因縁の師弟対決だ。ともに現役時代の74年シーズンに仏バレンシエンヌに所属。当時ルーキーのメツ氏は13歳年上の中盤オシムに師事。「彼は私にサッカーのABCを教えてくれた。私には最高の師匠で偉大な教授だった」1次リーグB組全チーム同宿のベトナム市内の高級ホテルでは、神経質な老将の貴重な話し相手となっている。
だが、勝負の世界は非情。UAEは8日の初戦ベトナム戦で0−2負け。次戦敗戦で1次リーグ敗退が濃厚となるだけに、“口撃”に容赦はない。「イバンは他国と比べると準備期間も短かった、と話していた。
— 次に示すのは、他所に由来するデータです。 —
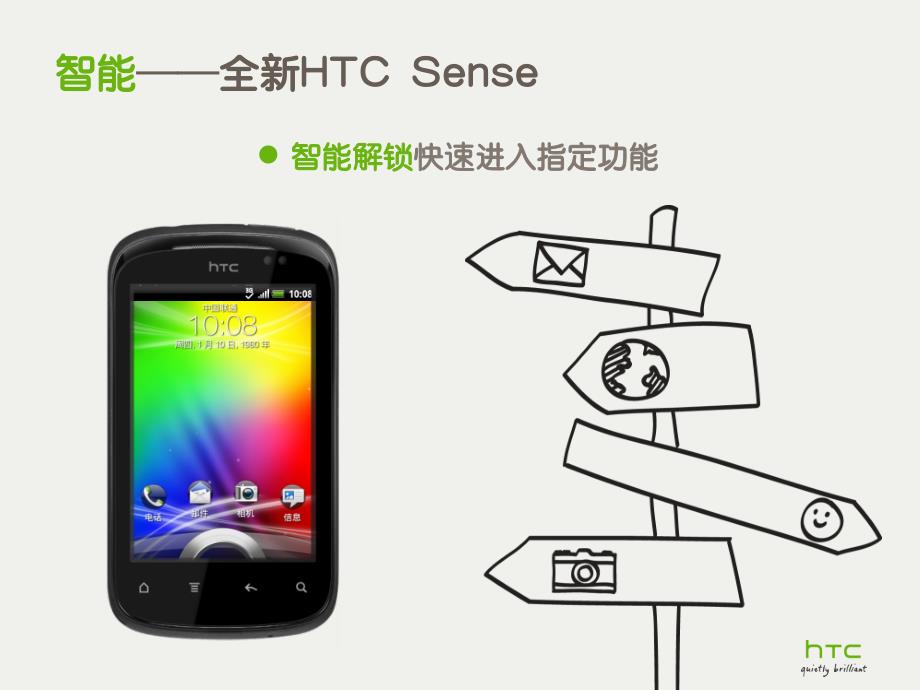 HTC达人产品培训.ppt_第3页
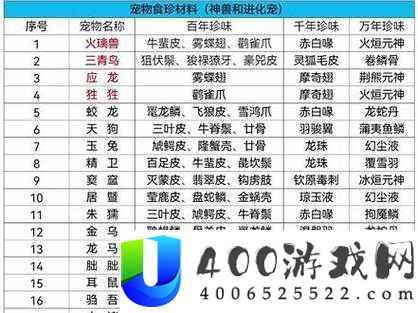 妄想山海神兽合成有何秘诀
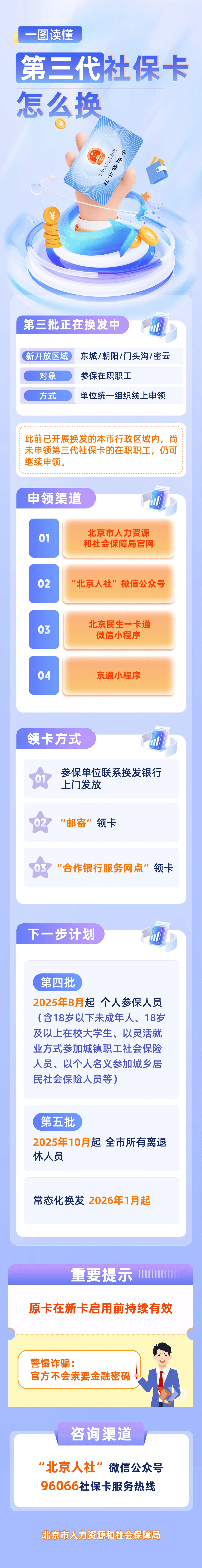 最新社保卡和公积金卡是一张卡吗方法分析(最方便真实的重庆社保卡跟公积金卡方法)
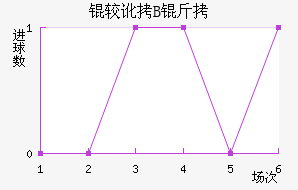 �϶��Ͷ�B�ӽ�������������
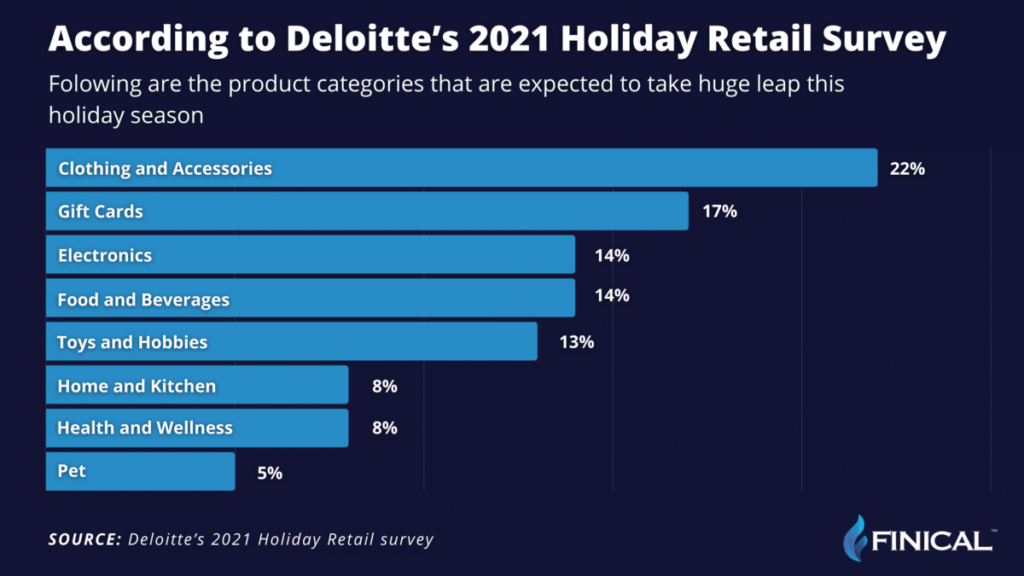 Deloitte's 2021 holiday retail survey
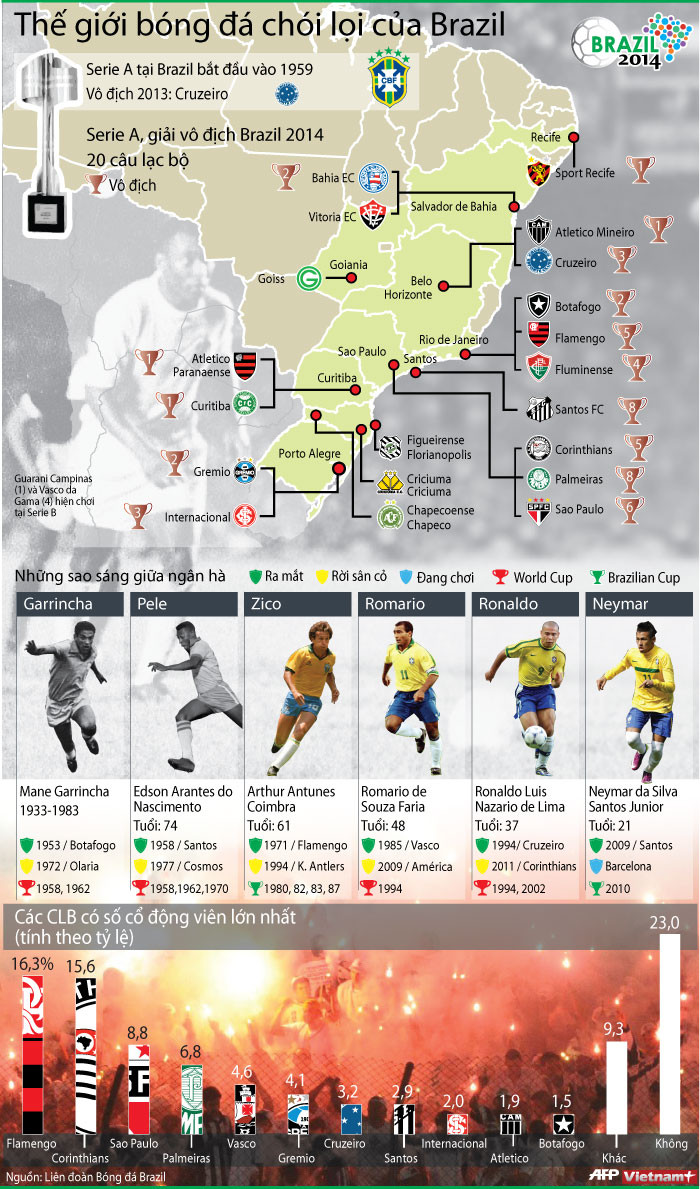 Đồ họa giới thiệu toàn cảnh "vương quốc bóng đá" Brazil ảnh 1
だが、私がセネガルを率いた02年W杯直前の準備期間は8日間。それでも仏を破り、決勝T進出を果たした。日本にも1年間戦術を浸透させる時間があったはず」6月30日開催のJ公式戦の影響で、長期合宿を組めなかった日程問題をいまだに嘆く老将に手厳しかった。
メツ氏は日本代表とも浅からぬ縁がある。セネガル監督時代の01年10月4日、日本を2−0で撃破し、当時のトルシエ監督は解任危機に。02年W杯後には日本代表監督候補にリストアップされた。因縁の背水対決で両将がすべてを懸ける。
◆ブルーノ・メツ 1954年1月28日、フランス生まれ。53歳。現役時代は自国リーグでMFとして活躍。現役引退後は、フランスのリール、セダンなどで監督経験を積み、2000年にセネガル代表監督就任。02年日韓W杯では、同国を初のW杯に導き、ベスト8進出。その後は、UAEのアル・アイン、カタールのアル・ガファラを指揮し、現在はアラブ首長国連邦(UAE)代表を率いる。